One of the problems when discussing game design theory is that some people have experienced only a limited number of games which happened to do something all in the same way, and now think that this is the *only* possible way to do this. If you for example look at MMORPGs with more than 100k subscribers, it is totally possible that somebody played World of Warcraft, Everquest 2, Lord of the Rings Online, and Warhammer Online, and comes away with the impression that MMORPG combat needs a tank, healer, dps trinity based on static abilities. Thus when I talked yesterday about Mytheon's random abilities selection, somebody reacted with a stunned "how could that even work in groups???". Thus I think it is time to go back to basics and have a look what are the fundamentals of MMORPG combat, and which parts are actually optional, even if you find them in many games.
Throughout the history of human warfare a one-on-one combat was usually decided by who got the first hit in. Weapons are designed to kill or maim, thus it isn't surprising that they tend to do so. One-hit combat is realistic, but makes for lousy movies and games, thus in both Hollywood combat and MMORPG combat a less realistic long combat with multiple hits leading to a final demise is usually preferred.
So lets accept that premise, and talk about combat in which each combatant has a number of "hit points" or "health", and each hit by an enemy reduces that number, until the combatant is dead at 0 health. Now if you look at the calculations going on during such a combat, you'll see a lot of parameters. There is a chance to hit, an amount of damage dealt with some random variation and maybe "critical hits" for extra damage. On the side of the recipient there are chances to negate damage with skills like parry or block, or to diminish damage with armor. And then there are chances on the side of the damage dealer to negate armor. Looks extremely complicated, but if you follow a combat for a while you'll notice that all these chances and calculations tend to even themselves out in the long run. Thus for all practical purposes people can, and do, just look at the amount of damage finally dealt per second. If your opponent has 20k health and you deal 1k damage per second, it will take you 20 seconds to kill the opponent. Then you can do the reverse calculation with your health and your opponents damage per second to find out how much time it takes *him* to kill *you*. If he needs less that 20 seconds, he wins. If he needs more, you win. Easy as pie.
If the combat is not one-on-one, but for example involves a combat of a group of players against one computer-controlled monster, the AI needs to decide which of the players to hit. That is mandatory, that is you can't have a system in which this decision is *not* taken, unless you design it in a way that damage is always evenly distributed among all participants. But how that decision is taken is optional. You can easily design a system in which the decision is completely random, or depends on factors that can't be easily influenced by the players. Thus the often seen system in which one character is a "tank", with abilities to influence to manage "aggro" onto himself is optional. You can have MMORPG group combat systems without tanks. In fact even games which have tanks in PvE combat often make do without aggro management in PvP combat, because players would object to not be able to choose their targets freely.

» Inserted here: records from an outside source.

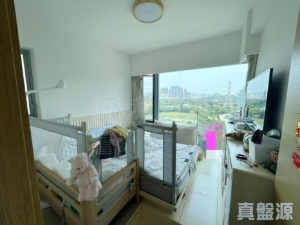 峻巒 3期 PARK YOHO BOLOGNA 8A座 - 28NTS – 香港北部都會區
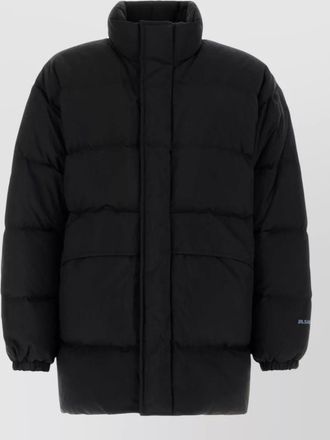 Jil Sander down jacket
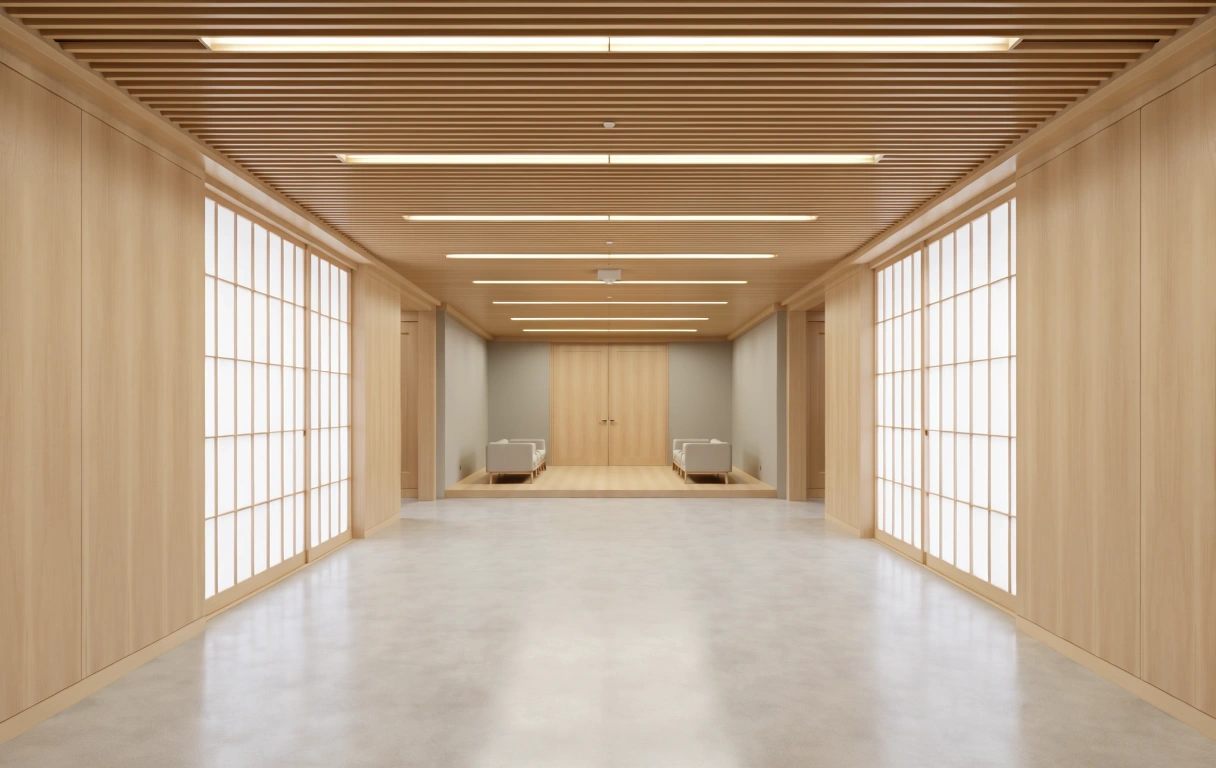 Nexotony Executive Environment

Less obviously, healing is optional too. That again is easiest to see by simply imagining a PvP combat without healers. By fiddling with the numbers of health points and damage per second that the monsters and the players have, it would be perfectly possible to design a combat system in which no healing takes place during combat, and health regeneration only happens after combat. And even if you design a system with healing, the role of a dedicated "healer" is still optional. There are a number of Asian MMORPGs in which healing is done exclusively by quaffing health potions, and every player is responsible for his own health.
Thus overall, only damage dealing is a mandatory function in MMORPG combat. Not every MMORPG needs to have "tanks" and/or "healers". And there would be obvious advantages to such combat systems without the holy trinity of tank/healer/dps: If every player is responsible for his own aggro and health, there is less of a blame game going on when things go wrong. And getting a group together would be much easier without having to wait for a tank and healer to sign up. Of course the disadvantage would be that there would be less differentiation between classes in such a game. But with damage dealers being far more popular than healers and tanks in every game, and there being a tank and healer "shortage" in spite of groups usually being designed with far more dps than tanks or healers, maybe less differentiation wouldn't be all that bad.